I truly appreciate the honesty of the Pittsworth Lutherans. They don’t gloss over the sometimes not-so-savoury doings of their ancestors. Without laying accusations or making recriminations their history book just records things as they seem to have happened. It’s testimony to how these down-to-earth rural folk see things. I’m sure once some of them get to reading its 267 pages they will have a few hearty debates about its content. All power to that!
I had the privilege of preaching on the day, based on 1 Peter 2:4–10. I highlighted the church as a spiritual house, and believers as living stones, comparing the temporary building of steel, glass, timber and bricks with the temple the Holy Spirit is building.
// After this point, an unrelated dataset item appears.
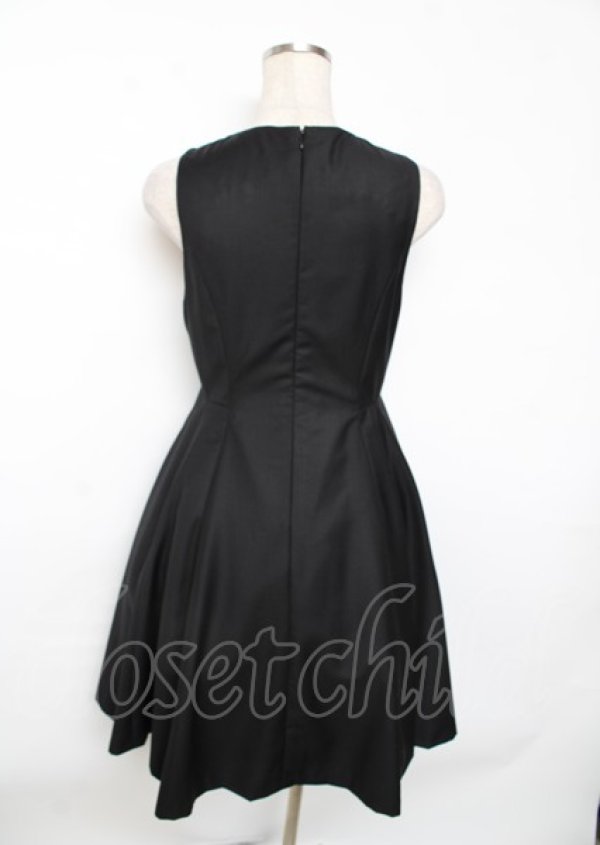 画像2: PEACE NOW / レースアップジャンパースカート M 黒 Y-25-10-06-090-PU-OP-SZ-ZY (2)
I pictured the St Peter’s congregation as God’s workshop in which he makes living stones from rubble previously dumped as useless.
Workshops are busy places, often cluttered with tools and unfinished projects. In a workshop it can be hard to visualise the finished product. If a congregation is God’s workshop, it won’t be pristine and neat. It will be littered with unfinished projects. The Spirit will be using his tools, such as God’s word, law and gospel, repentance, baptism and holy communion, to chisel and shape his living stones. You can check the overall design by looking at Jesus Christ, the cornerstone from which all the other stones take their measure. It’s a slow, painstaking process as the master artisan gives us a new form, perfectly shaped and aligned to fit into the cornerstone.
The image really took hold that anniversary day; during lunch many speakers referred to St Peter’s as God’s workshop, each telling some part of how they experienced it, warts and all. It was refreshingly honest and reminded me of why the LCA is such a bunch of enduring, resilient believers. I pray God we never lose that spiritual gift!
In a world that values glamour and glitz more than honesty and integrity, we need to remember where our strengths lie. Like St Peter’s Pittsworth, the people of the LCA are here to stay, while God lovingly, but when necessary painfully, shapes us as living stones, built into a spiritual house that will stand forever.